On my brand-new Baldwin Hamilton studio piano, walnut finish and all, I decided I would play everything perfectly. After a few sessions of carefully sight-reading through some Bach and Brahms, I came up with the idea of learning only a measure or two of each piece at a time. I started with Beethoven's first sonata (F minor, Op. 2, No. 1) and Bach's B flat major partita.
This proved both boring and inadequate. The mind can hold so much more information than this, for one thing. For another, if you learn only a tiny amount of a piece at a time without at least somewhat knowing the context (structure, harmony), your mind has nothing to connect this new bit of knowledge with. Bar lines are artificial constructs providing simple rhythmic divisions and groupings, so this is a fragmented, sterile method of learning. Probably the only reason I learned as much as I did in this way is that I was already familiar with the pieces, at least aurally, so I wasn't starting from a place of no knowledge at all.
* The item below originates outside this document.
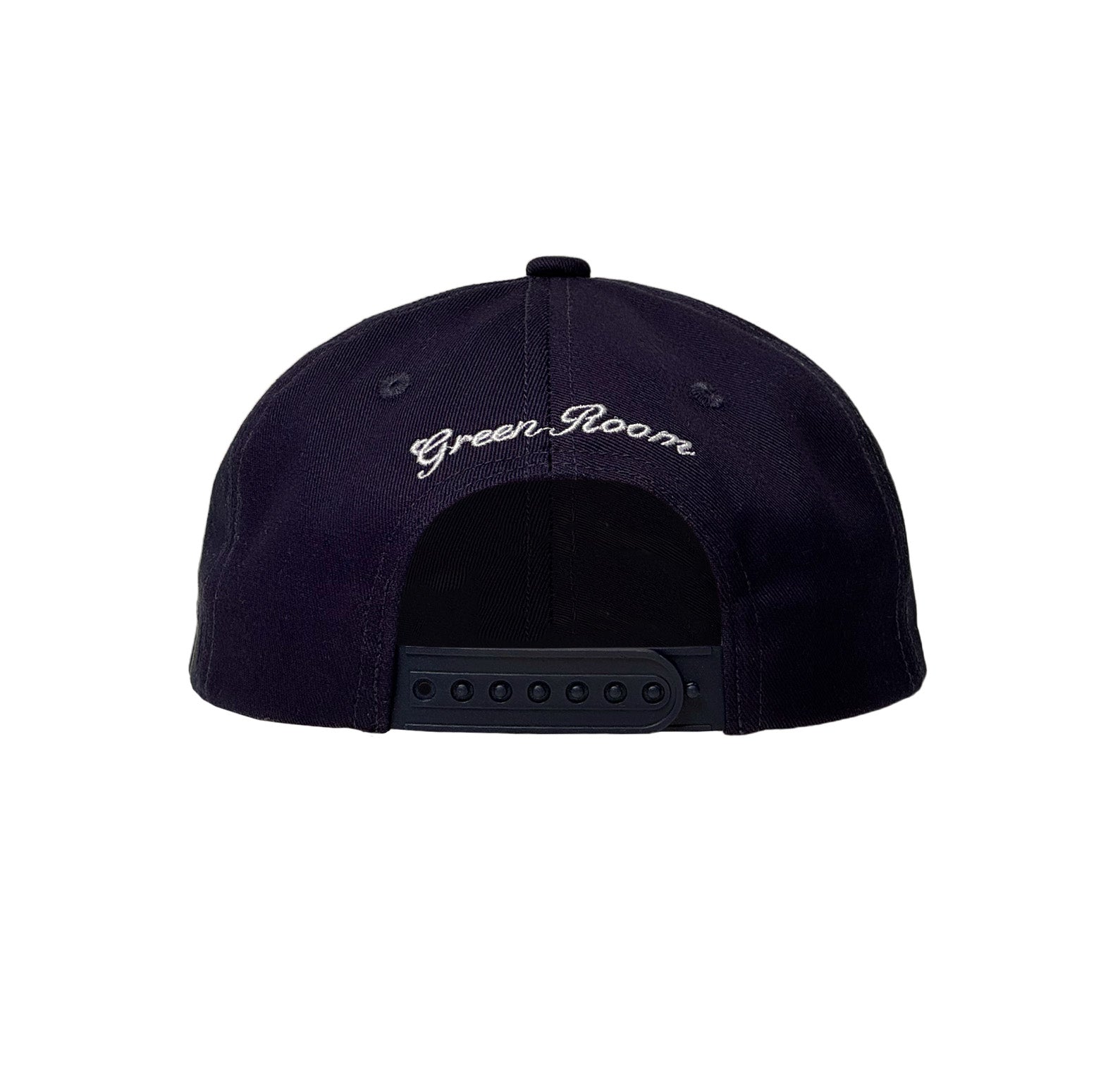 Rückseite der Cap mit verstellbarem Snapback-Verschluss. Über der Öffnung ist der Schriftzug „Green Room“ in Weiß eingestickt.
At any rate, I didn't get very far, or obtain much enjoyment. My piano playing dwindled down, along with my cello playing, as I became busy with other parts of my life.
When I first considered working at nonmusic jobs, my goal was to find a job that paid enough to live on that would also leave me enough time and energy to do other things. I remember calculating exactly how many hours I would have to myself after subtracting work, commuting, sleeping, and eating. They were always dismayingly few.
As long as I was doing the court reporting gig, I could maintain the illusion that this was just a temporary thing until I found my niche as a musician. I took any music job that came along, whether it was a wedding in Bethesda or an orchestra concert in Hagerstown (with a 3-hour commute).
There was a turning point. I sent a tape applying for a spot to play a recital at Montpelier Mansion in Laurel. For some reason, I told myself that if I didn't get it, it meant I wasn't any good and I should quit trying. Maybe I was looking for an excuse. It really is hard to go to work all day, even if the job is not challenging or difficult, and then come home and practice. It's like working a second job -- and in my case, this job didn't pay anything. I was tired of trying to keep my hard pieces ready. They weren't music to me anymore, but drudgery, an exercise. It has occurred to me to wonder what I'd have done if I had gotten that gig (which, as I recall was just a one-time deal and didn't pay anything, either). It would have been a validation, I suppose, but then I would have had to scrape my way through a whole recital, and I wasn't at all in the right frame of mind for it.
That's the paradoxical plight of the musician. On the one hand, music is a fresh, eternally young, spontaneous thing, and the most appealing players have an attitude to match. On the other hand, gaining the skill to play it involves daily drudging. A harpist with one of the military bands once told me, "When you're young, they don't tell you that you're going to have to practice every day for the rest of your life!"